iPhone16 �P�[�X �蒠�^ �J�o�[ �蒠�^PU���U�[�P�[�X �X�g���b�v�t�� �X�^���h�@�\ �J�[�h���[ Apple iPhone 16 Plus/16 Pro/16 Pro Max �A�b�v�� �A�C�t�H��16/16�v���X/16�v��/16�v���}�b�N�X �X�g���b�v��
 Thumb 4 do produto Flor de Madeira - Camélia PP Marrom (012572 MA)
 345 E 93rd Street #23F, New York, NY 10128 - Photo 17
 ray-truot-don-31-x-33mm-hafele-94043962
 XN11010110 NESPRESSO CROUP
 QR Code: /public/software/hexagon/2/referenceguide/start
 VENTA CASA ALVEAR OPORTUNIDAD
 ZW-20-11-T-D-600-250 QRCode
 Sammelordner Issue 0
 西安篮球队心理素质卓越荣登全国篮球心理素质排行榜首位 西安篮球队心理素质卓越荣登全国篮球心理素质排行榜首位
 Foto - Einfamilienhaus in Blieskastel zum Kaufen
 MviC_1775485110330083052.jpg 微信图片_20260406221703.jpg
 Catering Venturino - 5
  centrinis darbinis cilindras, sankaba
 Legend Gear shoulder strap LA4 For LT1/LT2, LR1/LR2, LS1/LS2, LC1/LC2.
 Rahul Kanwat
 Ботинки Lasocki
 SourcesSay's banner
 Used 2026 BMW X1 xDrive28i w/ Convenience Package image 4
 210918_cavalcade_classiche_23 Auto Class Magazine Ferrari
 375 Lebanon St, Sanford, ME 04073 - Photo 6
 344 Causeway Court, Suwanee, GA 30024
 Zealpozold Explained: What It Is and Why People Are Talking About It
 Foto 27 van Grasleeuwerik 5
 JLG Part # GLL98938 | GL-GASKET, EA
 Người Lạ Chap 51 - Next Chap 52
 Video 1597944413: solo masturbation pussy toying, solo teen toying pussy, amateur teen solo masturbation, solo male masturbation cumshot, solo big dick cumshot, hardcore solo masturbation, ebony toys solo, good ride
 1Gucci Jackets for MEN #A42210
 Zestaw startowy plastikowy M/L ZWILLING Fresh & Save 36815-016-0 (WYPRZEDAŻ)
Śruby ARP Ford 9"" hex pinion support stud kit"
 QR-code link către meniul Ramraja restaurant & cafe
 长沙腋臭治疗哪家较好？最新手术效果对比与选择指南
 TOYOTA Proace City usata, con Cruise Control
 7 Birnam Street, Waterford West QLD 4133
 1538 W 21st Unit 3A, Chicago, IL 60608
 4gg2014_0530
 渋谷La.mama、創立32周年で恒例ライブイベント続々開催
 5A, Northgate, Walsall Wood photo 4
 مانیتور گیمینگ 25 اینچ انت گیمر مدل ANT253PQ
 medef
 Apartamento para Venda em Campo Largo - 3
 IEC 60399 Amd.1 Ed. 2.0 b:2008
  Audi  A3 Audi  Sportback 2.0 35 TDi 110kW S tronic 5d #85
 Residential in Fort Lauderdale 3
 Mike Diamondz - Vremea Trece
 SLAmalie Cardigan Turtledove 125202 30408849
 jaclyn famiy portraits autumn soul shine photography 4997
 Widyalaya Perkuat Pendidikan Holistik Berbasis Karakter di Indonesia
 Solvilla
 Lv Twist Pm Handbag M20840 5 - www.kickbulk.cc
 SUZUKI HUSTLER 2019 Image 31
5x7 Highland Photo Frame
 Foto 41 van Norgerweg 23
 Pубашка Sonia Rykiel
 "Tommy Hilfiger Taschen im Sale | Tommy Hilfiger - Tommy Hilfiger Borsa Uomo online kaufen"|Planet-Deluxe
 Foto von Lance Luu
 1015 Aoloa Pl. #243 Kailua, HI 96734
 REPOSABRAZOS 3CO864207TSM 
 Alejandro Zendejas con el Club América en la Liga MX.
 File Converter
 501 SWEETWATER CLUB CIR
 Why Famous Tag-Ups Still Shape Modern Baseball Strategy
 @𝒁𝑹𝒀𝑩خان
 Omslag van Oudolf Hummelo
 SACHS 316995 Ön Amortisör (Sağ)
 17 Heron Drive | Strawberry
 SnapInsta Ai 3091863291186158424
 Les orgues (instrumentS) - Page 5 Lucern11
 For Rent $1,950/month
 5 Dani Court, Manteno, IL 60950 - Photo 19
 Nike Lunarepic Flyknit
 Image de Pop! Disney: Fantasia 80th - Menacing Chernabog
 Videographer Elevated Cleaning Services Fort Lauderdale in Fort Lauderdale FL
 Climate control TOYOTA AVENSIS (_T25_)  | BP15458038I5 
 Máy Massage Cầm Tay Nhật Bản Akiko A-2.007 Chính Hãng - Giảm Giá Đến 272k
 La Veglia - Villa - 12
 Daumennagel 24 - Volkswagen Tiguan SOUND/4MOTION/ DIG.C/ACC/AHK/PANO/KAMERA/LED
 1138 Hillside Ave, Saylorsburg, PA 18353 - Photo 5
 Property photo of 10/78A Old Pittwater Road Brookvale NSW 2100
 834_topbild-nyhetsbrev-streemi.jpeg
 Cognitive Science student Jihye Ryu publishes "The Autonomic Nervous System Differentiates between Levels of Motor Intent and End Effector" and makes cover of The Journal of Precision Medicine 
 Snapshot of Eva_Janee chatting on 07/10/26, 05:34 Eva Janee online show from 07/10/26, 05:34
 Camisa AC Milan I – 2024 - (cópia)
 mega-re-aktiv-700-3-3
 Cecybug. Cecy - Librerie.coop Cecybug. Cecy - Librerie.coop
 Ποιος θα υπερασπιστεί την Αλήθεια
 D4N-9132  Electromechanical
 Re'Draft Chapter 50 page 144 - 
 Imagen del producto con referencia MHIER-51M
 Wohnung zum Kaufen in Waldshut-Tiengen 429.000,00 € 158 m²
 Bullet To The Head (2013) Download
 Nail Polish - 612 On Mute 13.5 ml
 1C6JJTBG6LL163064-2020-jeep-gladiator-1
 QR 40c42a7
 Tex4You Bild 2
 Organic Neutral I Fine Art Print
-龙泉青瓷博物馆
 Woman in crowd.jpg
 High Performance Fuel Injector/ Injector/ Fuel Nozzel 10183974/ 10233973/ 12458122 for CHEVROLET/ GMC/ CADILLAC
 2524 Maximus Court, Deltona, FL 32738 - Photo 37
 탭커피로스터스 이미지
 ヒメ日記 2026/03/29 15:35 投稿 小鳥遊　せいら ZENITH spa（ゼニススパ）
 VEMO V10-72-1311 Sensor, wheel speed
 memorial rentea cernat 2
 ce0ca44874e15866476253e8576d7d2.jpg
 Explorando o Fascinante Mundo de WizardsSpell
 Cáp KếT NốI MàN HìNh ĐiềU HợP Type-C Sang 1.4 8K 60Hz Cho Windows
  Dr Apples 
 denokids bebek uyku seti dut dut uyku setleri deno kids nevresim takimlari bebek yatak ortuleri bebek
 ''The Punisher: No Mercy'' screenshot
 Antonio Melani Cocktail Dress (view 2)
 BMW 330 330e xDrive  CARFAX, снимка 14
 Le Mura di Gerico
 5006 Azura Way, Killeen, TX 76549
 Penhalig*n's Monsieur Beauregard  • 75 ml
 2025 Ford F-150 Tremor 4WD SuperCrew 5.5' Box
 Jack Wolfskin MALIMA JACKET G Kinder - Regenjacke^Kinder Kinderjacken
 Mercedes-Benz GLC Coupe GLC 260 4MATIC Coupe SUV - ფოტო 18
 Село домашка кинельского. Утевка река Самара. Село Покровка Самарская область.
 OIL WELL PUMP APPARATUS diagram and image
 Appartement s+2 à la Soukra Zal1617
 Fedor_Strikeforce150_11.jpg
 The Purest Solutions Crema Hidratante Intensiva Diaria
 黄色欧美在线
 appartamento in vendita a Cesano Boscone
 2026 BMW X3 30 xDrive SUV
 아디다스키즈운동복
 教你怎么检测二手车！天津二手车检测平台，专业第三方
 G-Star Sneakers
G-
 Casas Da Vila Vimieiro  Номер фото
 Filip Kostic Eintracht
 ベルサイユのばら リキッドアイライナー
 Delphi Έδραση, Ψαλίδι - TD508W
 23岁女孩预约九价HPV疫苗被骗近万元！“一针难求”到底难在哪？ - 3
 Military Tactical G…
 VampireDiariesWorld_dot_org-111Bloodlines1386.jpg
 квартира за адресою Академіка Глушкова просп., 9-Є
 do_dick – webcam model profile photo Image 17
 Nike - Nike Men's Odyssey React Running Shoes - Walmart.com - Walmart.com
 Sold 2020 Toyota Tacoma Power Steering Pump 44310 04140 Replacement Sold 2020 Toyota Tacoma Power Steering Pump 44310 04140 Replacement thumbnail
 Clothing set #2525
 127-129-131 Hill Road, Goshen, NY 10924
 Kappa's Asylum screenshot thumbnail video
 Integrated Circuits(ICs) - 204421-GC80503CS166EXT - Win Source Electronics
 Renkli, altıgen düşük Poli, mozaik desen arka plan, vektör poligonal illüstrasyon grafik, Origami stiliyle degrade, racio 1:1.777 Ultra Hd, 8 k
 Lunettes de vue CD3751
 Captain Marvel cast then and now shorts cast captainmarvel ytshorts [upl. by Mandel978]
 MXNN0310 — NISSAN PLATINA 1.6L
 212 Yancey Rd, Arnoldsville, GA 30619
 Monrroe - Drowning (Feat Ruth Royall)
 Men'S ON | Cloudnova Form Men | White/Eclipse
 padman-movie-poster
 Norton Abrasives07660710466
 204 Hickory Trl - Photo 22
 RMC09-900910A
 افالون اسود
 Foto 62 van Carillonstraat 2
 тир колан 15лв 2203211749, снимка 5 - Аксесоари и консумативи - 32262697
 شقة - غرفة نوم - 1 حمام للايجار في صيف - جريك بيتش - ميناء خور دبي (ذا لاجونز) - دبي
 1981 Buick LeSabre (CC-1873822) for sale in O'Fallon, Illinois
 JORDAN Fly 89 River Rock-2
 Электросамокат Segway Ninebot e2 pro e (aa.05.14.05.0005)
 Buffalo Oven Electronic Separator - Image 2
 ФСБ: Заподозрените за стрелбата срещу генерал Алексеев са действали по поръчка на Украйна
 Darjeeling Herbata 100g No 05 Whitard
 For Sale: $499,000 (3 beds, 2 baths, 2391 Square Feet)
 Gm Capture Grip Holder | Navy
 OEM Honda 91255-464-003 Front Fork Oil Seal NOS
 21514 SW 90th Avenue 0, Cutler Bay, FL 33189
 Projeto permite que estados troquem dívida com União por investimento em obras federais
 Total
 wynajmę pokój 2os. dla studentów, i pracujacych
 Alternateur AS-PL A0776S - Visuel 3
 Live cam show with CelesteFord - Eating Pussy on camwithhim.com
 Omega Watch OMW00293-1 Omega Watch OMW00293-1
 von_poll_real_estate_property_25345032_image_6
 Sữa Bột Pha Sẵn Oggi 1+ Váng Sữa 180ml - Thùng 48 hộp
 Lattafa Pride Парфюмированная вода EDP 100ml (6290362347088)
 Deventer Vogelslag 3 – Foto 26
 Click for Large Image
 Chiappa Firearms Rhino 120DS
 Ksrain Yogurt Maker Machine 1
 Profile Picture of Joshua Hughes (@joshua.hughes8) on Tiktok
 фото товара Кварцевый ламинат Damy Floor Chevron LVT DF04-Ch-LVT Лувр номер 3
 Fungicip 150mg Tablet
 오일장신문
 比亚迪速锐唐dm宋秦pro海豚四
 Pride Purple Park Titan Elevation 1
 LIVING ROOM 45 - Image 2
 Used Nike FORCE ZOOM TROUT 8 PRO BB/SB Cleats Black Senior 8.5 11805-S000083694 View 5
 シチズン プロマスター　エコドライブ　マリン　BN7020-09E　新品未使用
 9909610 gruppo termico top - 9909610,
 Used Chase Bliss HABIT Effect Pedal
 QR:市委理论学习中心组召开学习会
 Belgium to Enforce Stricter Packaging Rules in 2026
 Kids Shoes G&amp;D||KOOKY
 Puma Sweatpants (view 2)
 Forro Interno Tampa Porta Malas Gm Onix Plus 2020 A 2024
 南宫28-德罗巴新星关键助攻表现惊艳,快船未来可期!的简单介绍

ACTIVITY:
In the reply, include exactly the lines from the beginning of the entries above through the line holding "QR-code link către", and nothing besides.

YOUR RESPONSE:
iPhone16 �P�[�X �蒠�^ �J�o�[ �蒠�^PU���U�[�P�[�X �X�g���b�v�t�� �X�^���h�@�\ �J�[�h���[ Apple iPhone 16 Plus/16 Pro/16 Pro Max �A�b�v�� �A�C�t�H��16/16�v���X/16�v��/16�v���}�b�N�X �X�g���b�v��
 Thumb 4 do produto Flor de Madeira - Camélia PP Marrom (012572 MA)
 345 E 93rd Street #23F, New York, NY 10128 - Photo 17
 ray-truot-don-31-x-33mm-hafele-94043962
 XN11010110 NESPRESSO CROUP
 QR Code: /public/software/hexagon/2/referenceguide/start
 VENTA CASA ALVEAR OPORTUNIDAD
 ZW-20-11-T-D-600-250 QRCode
 Sammelordner Issue 0
 西安篮球队心理素质卓越荣登全国篮球心理素质排行榜首位 西安篮球队心理素质卓越荣登全国篮球心理素质排行榜首位
 Foto - Einfamilienhaus in Blieskastel zum Kaufen
 MviC_1775485110330083052.jpg 微信图片_20260406221703.jpg
 Catering Venturino - 5
  centrinis darbinis cilindras, sankaba
 Legend Gear shoulder strap LA4 For LT1/LT2, LR1/LR2, LS1/LS2, LC1/LC2.
 Rahul Kanwat
 Ботинки Lasocki
 SourcesSay's banner
 Used 2026 BMW X1 xDrive28i w/ Convenience Package image 4
 210918_cavalcade_classiche_23 Auto Class Magazine Ferrari
 375 Lebanon St, Sanford, ME 04073 - Photo 6
 344 Causeway Court, Suwanee, GA 30024
 Zealpozold Explained: What It Is and Why People Are Talking About It
 Foto 27 van Grasleeuwerik 5
 JLG Part # GLL98938 | GL-GASKET, EA
 Người Lạ Chap 51 - Next Chap 52
 Video 1597944413: solo masturbation pussy toying, solo teen toying pussy, amateur teen solo masturbation, solo male masturbation cumshot, solo big dick cumshot, hardcore solo masturbation, ebony toys solo, good ride
 1Gucci Jackets for MEN #A42210
 Zestaw startowy plastikowy M/L ZWILLING Fresh & Save 36815-016-0 (WYPRZEDAŻ)
Śruby ARP Ford 9"" hex pinion support stud kit"
 QR-code link către meniul Ramraja restaurant & cafe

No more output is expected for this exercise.